You might be familiar with Hal from 2001: A Space Odyssey, a robot whose sentient actions made life a little dicey for Hal's astronaut friends. Mars rover Opportunity just got a “Hal” infusion from NASA. Space.com reports that new software uploaded to the rover now allows Opportunity to decide just what kind of observations it wants to make about Mars.
Opportunity has been roaming the surface of Mars for seven years. The largely solar-powered machine travels along the planet’s surface, taking pictures of the changing landscape. But now, it will be able to make additional decisions about the kind of photographs it will take. Opportunity stops to analyze rocks and other interests for the scientists at NASA’s Jet Propulsion Laboratory in Pasadena, Calif.
This new software is making things much easier for Opportunity. The software is called Autonomous Exploration for Gathering Increased Science, or AEGIS. It allows Opportunity to photograph a vast array of objects. Formerly, images of objects had to be transmitted to Earth for analysis. Based on these pictures, ground operators would check for targets of interest to examine on a later day. Valuable time would be lost, and ground operators might miss further details if they decided the object wasn’t a high priority.
Now, Opportunity can use the formerly wasted “in-between” time to go on to investigate something of interest. As Tara Estlin of NASA's Jet Propulsion Laboratory told Space.com, "It's a way to get some bonus science.”

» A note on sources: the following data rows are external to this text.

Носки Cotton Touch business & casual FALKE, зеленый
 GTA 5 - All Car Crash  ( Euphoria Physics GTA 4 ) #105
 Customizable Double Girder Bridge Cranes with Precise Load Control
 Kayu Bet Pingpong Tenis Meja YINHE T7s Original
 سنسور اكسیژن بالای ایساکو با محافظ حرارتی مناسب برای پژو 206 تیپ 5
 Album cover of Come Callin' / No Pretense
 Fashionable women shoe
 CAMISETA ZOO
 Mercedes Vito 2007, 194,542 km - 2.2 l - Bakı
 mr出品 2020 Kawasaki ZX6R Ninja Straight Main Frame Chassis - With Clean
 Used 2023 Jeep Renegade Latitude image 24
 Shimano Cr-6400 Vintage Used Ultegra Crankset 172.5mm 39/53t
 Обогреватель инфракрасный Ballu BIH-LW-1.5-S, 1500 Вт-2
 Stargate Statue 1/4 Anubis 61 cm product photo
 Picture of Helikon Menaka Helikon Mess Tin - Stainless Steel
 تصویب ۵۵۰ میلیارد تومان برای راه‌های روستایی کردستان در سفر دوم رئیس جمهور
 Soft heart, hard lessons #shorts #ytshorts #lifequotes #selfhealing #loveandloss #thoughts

The new software has already proved helpful to the rover. On March 4, Opportunity found an unnamed rock after analyzing a wider-angle photo taken by the rover's navigation camera at the end of a drive. According to Estlin, "It found exactly the target we would want it to find. This checkout went just as we had planned, thanks to many people's work, but it's still amazing to see Opportunity performing a new autonomous activity after more than six years on Mars."
While its sister rover, Spirit, is hunkered down for the Martian winter, Opportunity remains on track for the crater Endeavor. Scientists are excited to see exactly what this newly equipped rover will find.